◆ Work instructions
Once you find the line with "Overhaul kit EVRA / EVRS 20" in the data that follows, repeat it and every line after it exactly, through the line with "donativo al Instituto de Nefrología".

◆ Available data
:::

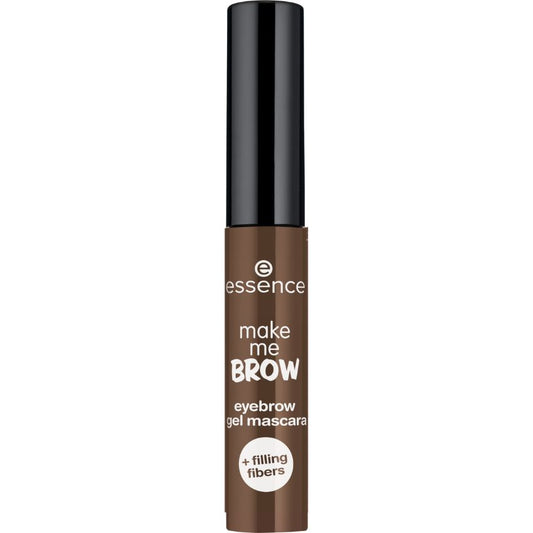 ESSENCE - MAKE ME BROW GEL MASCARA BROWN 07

:::

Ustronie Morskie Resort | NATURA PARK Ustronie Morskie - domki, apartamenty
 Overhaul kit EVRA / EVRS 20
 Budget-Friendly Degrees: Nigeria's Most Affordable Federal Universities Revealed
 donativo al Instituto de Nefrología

:::

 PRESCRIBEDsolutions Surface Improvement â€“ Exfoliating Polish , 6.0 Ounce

:::

◆ Answer
 Overhaul kit EVRA / EVRS 20
 Budget-Friendly Degrees: Nigeria's Most Affordable Federal Universities Revealed
 donativo al Instituto de Nefrología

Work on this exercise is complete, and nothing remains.